In either case, the whole chimney counter flashing is a hack job on it's BEST day. That looks just awful.


----------



## craig11152 (Jun 20, 2015)

Bridgett34 said:


> I don't know what you mean by second roof? This was a tear off an new install. This is a first story roof (ranch). What was there before the tear off was a architectural shingle as well.
> 
> The shingles are so so so tight up against every side of my skylights and thought maybe that was why they were buckling up like that. So, you think the chimney part looks okay? Here are couple other pics. Looks like they didn't know how to get anything flat! Also, they really dinged up my flashing around chimney and looks yucky. Adding this with my dilemma of inadequate ridge vent, makes me want to just tear off and do whole roof with weatherwatch only :vs_karate:


By second roof I didn't mean second layer I just meant the house had an original roof and that's not it. And no I don't mean the chimney flashing is OK. If its cut in to the mortar then its ugly but livable If its just nailed against the brick and caulked its ugly and NOT proper procedure. Any time I've seen a flashing that looks like that its rarely cut in to the mortar.


----------



## craig11152 (Jun 20, 2015)

CompleteW&D said:


> Hey Craig.... to me that chimney counter flashing looks odd. It appears to be too thick for metal. What do you think it is???

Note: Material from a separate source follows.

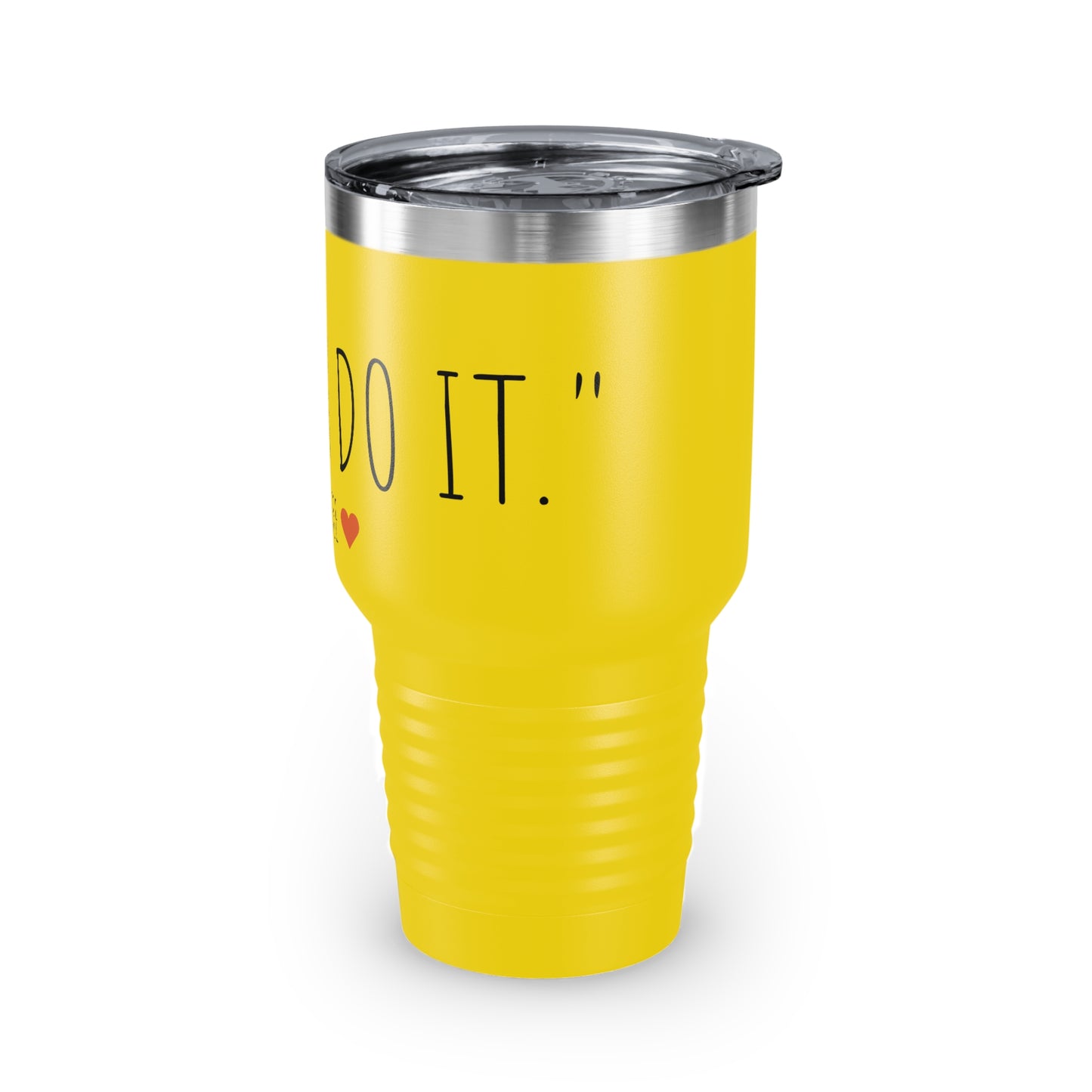 You Can Do It - Coffee - Ringneck Tumbler, 30oz - Inspirational Coffee Mug, Travel Coffee Mug, Travel Tumbler Mugs With Sayings, Gift for Women, Gift for Her and Him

my guess its aluminum but it was originally just stuck on with a bunch of roofing mastic. Then the second guys, instead of ripping it out and doing it right stuck a pry bar under it and tried to break the mastic seal just enough to get new steps behind it. That's what I think. Thats why it looks fat because of the tar behind it and that's why its all bent pulling it away enough for a new step.


----------



## CompleteW&D (Sep 4, 2015)

craig11152 said:


> my guess its aluminum but it was originally just stuck on with a bunch of roofing mastic. Then the second guys, instead of ripping it out and doing it right stuck a pry bar under it and tried to break the mastic seal just enough to get new steps behind it. That's what I think. Thats why it looks fat because of the tar behind it and that's why its all bent pulling it away enough for a new step.


Yup.... that's what it looks like to me now that I saw the side picture close up that Bridgett posted. That chimney is an abomination. There is no way it's NOT going to leak after a few years. 

You can see where they creased the old chimney flashing when they bent it out of the way, then tried to bend it back down. And, to be totally honest, with hackery like that, I'll bet they didn't even put new steps under there. Just re-used what was there and shoved the shingles under the counter.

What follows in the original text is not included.